Notable stuff that I thought was notable:

* Since rereading The Hobbit, I decided to put that knowledge to good use! So they had a chance to make some Explore rolls in search of ancient ruins and, perhaps, treasure. It turned into a neat scene: traveling through the east nether vales en route to Rhosgobel, they went to visit the Kingstone (+3 Hope! Once! I decided not to make it a Fellowship action since they’d gone out of their way to make the journey), and then continued down to the Great Anduin River to poke around the ruins of a funereal … funerary … hell, I don’t know what to call it. The pre-mausoleum prep area before the ancient Northmen of the river valley sent their honorable dead down the river in a boat. Turned out great.

* Followup to the previous bullet: What’s the carrying capacity of a horse? They pulled a lot of treasure out of that structure, and I love the idea that encumbrance is the limiting factor to treasure-hunting, but if horses can, you know, carry hundreds of Encumbrance then the point is kind of moot. Or more likely, I keep horse-accessible barrows low-stakes.

* I’m really enjoying the existential dread that the Dwarf player is now feeling. He’s got 3 of his 4 shadow traits, he’s at 10 Hope and 18 Shadow (and of course 3 permanent), and every roll is a chance for him to invoke “Murderous” as a trait in a shadow scene. Terrifying. The player kind of bounces back and forth between happy nihilism (yay, I’ll play a different dude) and omg it’s going to shit everyone’s gonna dieee. Good! I think there’s a lot of very effective black magic baked into the particular sequence of shadow traits you pick up. It ramps up expectations really well.

* My Burning Wheel addicts are grumbling that their shadow traits don’t earn them XPs.

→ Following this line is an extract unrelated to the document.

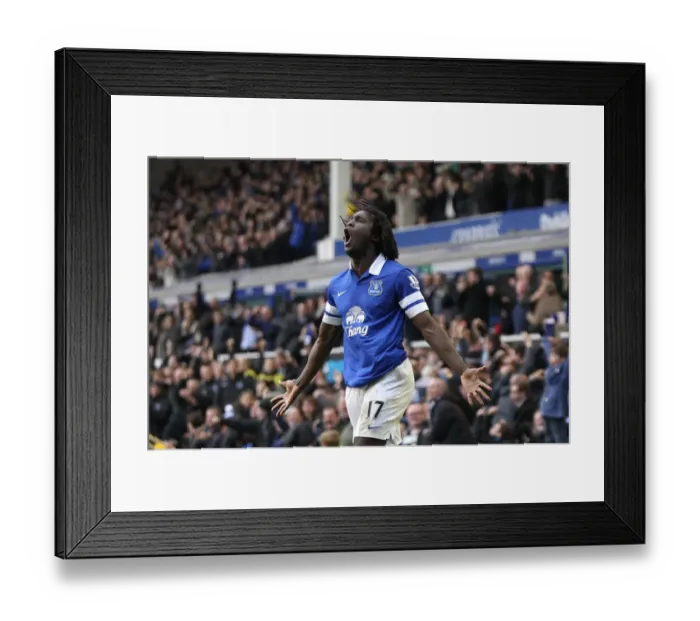 Framed Print : Thrilling Hat-Trick: Romelu Lukaku's Three Goals in the 3-3 Draw between Everton and Liverpool (November 23, 2013) Framed Print : Thrilling Hat-Trick: Romelu Lukaku's Three Goals in the 3-3 Draw between Everton and Liverpool (November 23, 2013)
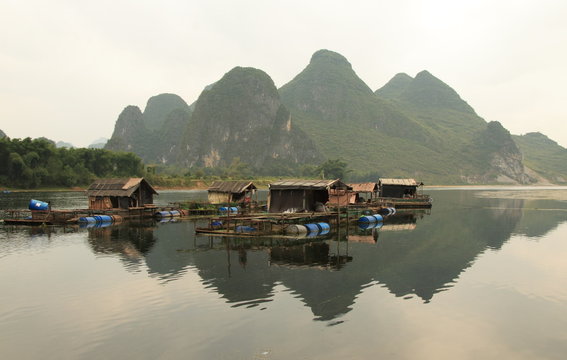 Landscape near Guilin, Southern China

That way lies madness! I agree that the roleplaying has been really great; they’re more than happy to proactively indulge their shadow traits. But it’s pure roleplay, not an incentivized economic decision. How interesting that that decision is a-ok in BW but I feel like it would be all wrong in TOR. BW wants to reward character-driven play while TOR wants to reward companionship. It is surprisingly and sometimes hilariously difficult to get them all on the same page.

* They just finished the last good year before the Shadow reappears in Middle-Earth. I struggled not to laugh and laugh as they looked at their burned-out husks and said those were the good years? I think my personal take on Middle-Earth is way heavier and grimmer than maybe Tolkien’s, especially in the years after The Hobbit, but whatevs.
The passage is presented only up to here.